Proposal by research team could revolutionize space medicine, improve astronaut health
Often when researching the molecular and biological changes that happen in space, models such as rodents, worms, and yeast are used to study the effects and consequences of long-duration space flight as a way to understand how microgravity impacts humans in space. However, OHIO's Nate Szewczyk, Ph.D., and several other researchers from around the world have published a paper that proposes a program for the European Space Agency that could potentially revolutionize space medicine by routinely collecting biological samples from astronauts for use with cutting-edge technologies to understand the effects on their genes, mRNA, proteins, and metabolites (commonly referred to as "omics" technologies).

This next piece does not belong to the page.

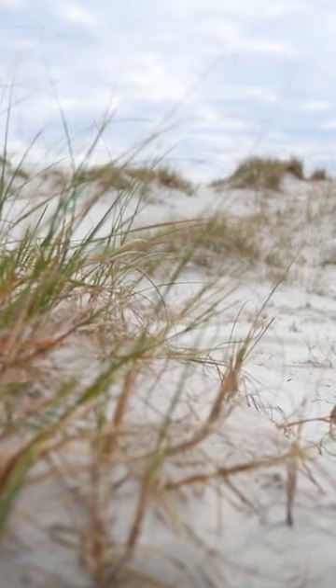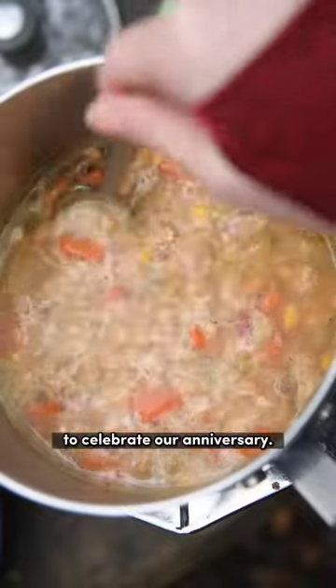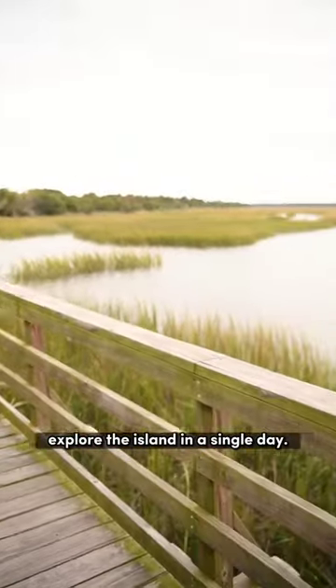There are no roads. We love an inexpensive adventure, so we set up a tent at one of the five campgrounds on the island to celebrate our anniversary. If you're not into camping, you can take the earliest ferry there and the latest return trip back, giving you six hours to explore the island in a single day.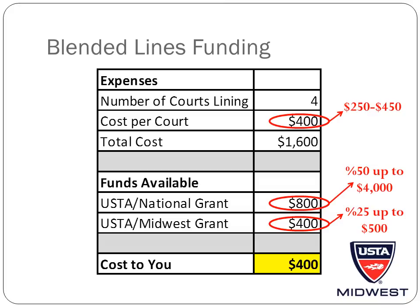This would leave you with a total cost of $400. Additionally, some districts in the Midwest Section have additional funding to contribute. I would encourage you to contact your district office to see what they might have available.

The paper, titled "Routine omics collection is a golden opportunity for European human research in space and analog environments," published in the journal Patterns, details how omics profiling is primed to transform space medicine and improve occupational healthcare for astronauts. The paper's authors anticipate that omics profiling will improve astronauts' health and mitigate spaceflight risks, which could increase mission success on more ambitious endeavors such as voyages to Mars. The group of researchers go on to highlight in the paper the collaborative steps that should be taken to design a standardized data resource that can be used for years to come as data and science evolves.
"We've been lobbying for a routine omics collection program to become part of the standard measure for astronauts in the European Space Agency," Szewczyk said. "By recovering and analyzing this data, we have the opportunity to further investigate the best practices in personalized medicine for the individuals sent into space."
A twin study was done by NASA where the organization did molecular profiling of one individual which showed it is possible to use large data approaches to understand astronaut health. In the NASA study, they measured how fit the astronaut was before flight, in flight, and after flight to gather their health information and how it may fluctuate in space. After being able to analyze and see the utility of this big data set, NASA decided to make it a standard approach going forward.
"We took advantage of NASA making this standard practice because we feel it is something other space agencies need to address to ensure they are finding the best approach to their astronaut's health while in space," Szewczyk added.
One of Szewczyk's colleagues, Brian Clark, Ph.D., who directs the Ohio Musculoskeletal and Neurological Institute (OMNI) at OHIO noted that "it is an exciting time for the field of astrobiology. For decades we have known that space flight poses substantial risks to human health and that the physiological effects of prolonged space flight vary tremendously from one person to the other. If you look at ten people that spend six-months on the International Space Station, you will see dramatically different responses between people in things like the amount of muscle and bone loss that they experience. Some experience a staggering amount of loss while others fare considerably better. The advent of omics technologies is clearly our best bet to understand what drives this variability and truly advance personalized space medicine. The knowledge to be gained from these kinds of studies extends far beyond the confines of outer space and has implications for traditional medicine, such as understanding the impact of prolonged disuse that occurs following injury, reconstructive surgery, and illness. It is great to see this call to action and we are extremely proud of Nate's stature and influence in the space medicine field."
The team who coauthored the paper is comprised of scientists, including Szewczyk, whose work focuses on space omics. They are tasked with looking at how NASA made the decision to take an omics approach to understanding the molecular and biological impact of astronauts in space and if this measure is something that the European Space Agency should follow along with as well.
Besides identifying whether this practice is beneficial to other space agencies, which data types to collect, which sampling methods to use, and at which time points, they are also looking at what can be measured by multi-omics approaches, such as astronaut's genomes and what genes are being expressed, what metabolites are present, are there any changes in proteins, and more.
"Thanks to innovations in science, instead of measuring models and translating that data to humans, we are now able to measure people and look at an individual's genome and predict if their genome is at risk for cancer or diabetes, or if a specific drug may or may not work on them based on their genome," Szewczyk said. "This is an opportunity to take the same modern molecular medicine approaches and use it on astronauts to identify potential health risks. It is more meaningful than using models and a real opportunity for all space agencies to know and say that the astronauts they're sending into space are and will be safe."
Along with providing insight to how routine omics collection can improve astronauts' health, the team of researchers also appraise ethical and legal considerations pertinent to omics data derived from European astronauts and spaceflight participants, with the goal of creating a policy landscape where data can be as open as possible to maximize scientific potential but as closed as necessary to protect the data subjects.
Szewczyk is an Osteopathic Heritage Foundation Ralph S. Licklider, D.O. Endowed Professor in Molecular Medicine and Principal Investigator of the Ohio Musculoskeletal and Neurological Institute in the Heritage College of Osteopathic Medicine. He has previously flown worms into space, analyzing what changed in them in space and comparing the gene expressions in space with rodents and astronauts, looking for commonalities in change like proteins that allows muscles to function and proteins that allow cells to produce energy. He is currently following up findings from these past flights on two new investigations scheduled to fly to the International Space Station in the coming years.